──────── Study material ────────

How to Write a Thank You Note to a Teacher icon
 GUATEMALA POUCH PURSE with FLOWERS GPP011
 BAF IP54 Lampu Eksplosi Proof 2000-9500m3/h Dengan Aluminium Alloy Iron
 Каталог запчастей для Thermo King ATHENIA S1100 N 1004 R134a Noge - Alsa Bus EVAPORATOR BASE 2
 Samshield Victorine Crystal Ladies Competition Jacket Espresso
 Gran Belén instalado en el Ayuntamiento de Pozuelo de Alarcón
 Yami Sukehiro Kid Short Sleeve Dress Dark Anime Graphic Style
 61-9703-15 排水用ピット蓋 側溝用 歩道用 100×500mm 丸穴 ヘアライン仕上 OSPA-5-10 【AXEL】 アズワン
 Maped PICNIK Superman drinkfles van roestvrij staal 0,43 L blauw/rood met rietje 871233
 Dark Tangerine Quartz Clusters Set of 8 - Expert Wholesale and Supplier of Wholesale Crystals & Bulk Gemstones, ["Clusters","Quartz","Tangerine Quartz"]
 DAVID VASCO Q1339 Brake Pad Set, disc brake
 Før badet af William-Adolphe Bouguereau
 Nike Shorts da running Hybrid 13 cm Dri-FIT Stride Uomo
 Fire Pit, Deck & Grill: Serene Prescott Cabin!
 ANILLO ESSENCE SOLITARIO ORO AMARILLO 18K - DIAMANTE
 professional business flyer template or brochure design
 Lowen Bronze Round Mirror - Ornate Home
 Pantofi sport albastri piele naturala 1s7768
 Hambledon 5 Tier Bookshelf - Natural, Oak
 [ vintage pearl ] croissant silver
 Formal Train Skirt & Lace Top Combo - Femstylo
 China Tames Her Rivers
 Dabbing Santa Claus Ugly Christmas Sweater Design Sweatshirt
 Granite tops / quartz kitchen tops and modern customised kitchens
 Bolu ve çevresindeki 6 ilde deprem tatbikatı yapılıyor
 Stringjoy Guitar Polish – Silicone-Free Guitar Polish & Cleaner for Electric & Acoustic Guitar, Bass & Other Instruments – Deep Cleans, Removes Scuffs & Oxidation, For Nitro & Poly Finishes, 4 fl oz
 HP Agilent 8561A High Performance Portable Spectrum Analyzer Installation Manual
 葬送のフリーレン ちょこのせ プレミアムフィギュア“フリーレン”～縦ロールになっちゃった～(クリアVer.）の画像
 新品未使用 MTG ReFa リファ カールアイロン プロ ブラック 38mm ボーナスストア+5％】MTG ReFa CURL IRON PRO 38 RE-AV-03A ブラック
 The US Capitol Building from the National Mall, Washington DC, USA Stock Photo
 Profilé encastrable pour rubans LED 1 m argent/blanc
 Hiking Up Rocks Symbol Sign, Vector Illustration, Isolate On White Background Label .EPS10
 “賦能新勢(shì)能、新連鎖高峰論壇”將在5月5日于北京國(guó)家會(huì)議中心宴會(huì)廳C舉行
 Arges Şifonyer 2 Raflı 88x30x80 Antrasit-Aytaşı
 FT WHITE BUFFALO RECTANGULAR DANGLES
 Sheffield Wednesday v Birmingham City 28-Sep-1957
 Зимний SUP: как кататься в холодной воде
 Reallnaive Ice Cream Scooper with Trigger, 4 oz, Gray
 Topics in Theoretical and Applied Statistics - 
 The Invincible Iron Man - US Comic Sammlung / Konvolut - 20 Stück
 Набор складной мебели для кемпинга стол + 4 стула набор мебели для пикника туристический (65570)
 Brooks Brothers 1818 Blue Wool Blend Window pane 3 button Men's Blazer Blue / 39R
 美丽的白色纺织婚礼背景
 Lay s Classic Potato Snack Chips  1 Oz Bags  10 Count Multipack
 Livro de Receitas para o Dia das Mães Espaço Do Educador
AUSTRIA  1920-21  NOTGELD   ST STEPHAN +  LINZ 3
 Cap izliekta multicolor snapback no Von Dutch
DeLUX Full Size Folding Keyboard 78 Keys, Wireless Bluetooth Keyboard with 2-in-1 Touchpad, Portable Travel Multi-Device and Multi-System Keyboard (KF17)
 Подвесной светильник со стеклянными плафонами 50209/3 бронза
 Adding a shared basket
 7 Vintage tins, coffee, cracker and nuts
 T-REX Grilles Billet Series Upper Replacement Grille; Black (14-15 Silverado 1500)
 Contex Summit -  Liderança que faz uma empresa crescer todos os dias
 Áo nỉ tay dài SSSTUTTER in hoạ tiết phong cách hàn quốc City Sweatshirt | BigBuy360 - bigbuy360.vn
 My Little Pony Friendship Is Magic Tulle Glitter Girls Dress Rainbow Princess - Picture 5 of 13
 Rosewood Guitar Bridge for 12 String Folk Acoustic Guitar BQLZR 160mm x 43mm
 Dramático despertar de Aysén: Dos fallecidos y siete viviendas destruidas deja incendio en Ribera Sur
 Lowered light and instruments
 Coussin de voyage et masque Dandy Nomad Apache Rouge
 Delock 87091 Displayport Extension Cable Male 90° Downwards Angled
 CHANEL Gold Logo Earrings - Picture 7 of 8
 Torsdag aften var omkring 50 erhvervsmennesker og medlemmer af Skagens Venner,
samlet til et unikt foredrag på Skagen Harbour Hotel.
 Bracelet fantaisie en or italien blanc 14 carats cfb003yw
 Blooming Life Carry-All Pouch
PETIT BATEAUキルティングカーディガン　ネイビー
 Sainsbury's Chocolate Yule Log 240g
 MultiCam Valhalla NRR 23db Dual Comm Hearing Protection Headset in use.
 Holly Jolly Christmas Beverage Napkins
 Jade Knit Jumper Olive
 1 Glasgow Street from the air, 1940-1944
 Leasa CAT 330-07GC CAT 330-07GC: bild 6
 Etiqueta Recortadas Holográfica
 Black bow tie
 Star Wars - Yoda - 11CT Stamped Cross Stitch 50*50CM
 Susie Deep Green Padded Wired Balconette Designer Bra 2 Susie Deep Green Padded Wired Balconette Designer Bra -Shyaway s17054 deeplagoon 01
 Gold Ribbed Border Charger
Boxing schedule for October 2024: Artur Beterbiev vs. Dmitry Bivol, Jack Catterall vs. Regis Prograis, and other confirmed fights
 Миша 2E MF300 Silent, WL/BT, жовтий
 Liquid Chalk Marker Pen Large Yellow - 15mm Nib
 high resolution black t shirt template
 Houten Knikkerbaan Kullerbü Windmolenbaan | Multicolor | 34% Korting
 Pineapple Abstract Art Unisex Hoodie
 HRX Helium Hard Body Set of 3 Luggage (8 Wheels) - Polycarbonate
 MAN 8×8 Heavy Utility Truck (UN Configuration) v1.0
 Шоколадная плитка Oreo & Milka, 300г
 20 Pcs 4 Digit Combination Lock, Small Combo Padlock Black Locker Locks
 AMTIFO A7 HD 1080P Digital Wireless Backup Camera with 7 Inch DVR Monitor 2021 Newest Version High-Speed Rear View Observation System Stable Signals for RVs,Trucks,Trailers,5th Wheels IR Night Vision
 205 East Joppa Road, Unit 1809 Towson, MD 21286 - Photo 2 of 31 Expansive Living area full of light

────────

→ Work task:
What is asked for is an exact copy of the lines above from the one containing "Миша 2E MF300 Silent, WL/BT, жовтий" through the one containing "20 Pcs 4 Digit", and only those.

→ The answer:
 Миша 2E MF300 Silent, WL/BT, жовтий
 Liquid Chalk Marker Pen Large Yellow - 15mm Nib
 high resolution black t shirt template
 Houten Knikkerbaan Kullerbü Windmolenbaan | Multicolor | 34% Korting
 Pineapple Abstract Art Unisex Hoodie
 HRX Helium Hard Body Set of 3 Luggage (8 Wheels) - Polycarbonate
 MAN 8×8 Heavy Utility Truck (UN Configuration) v1.0
 Шоколадная плитка Oreo & Milka, 300г
 20 Pcs 4 Digit Combination Lock, Small Combo Padlock Black Locker Locks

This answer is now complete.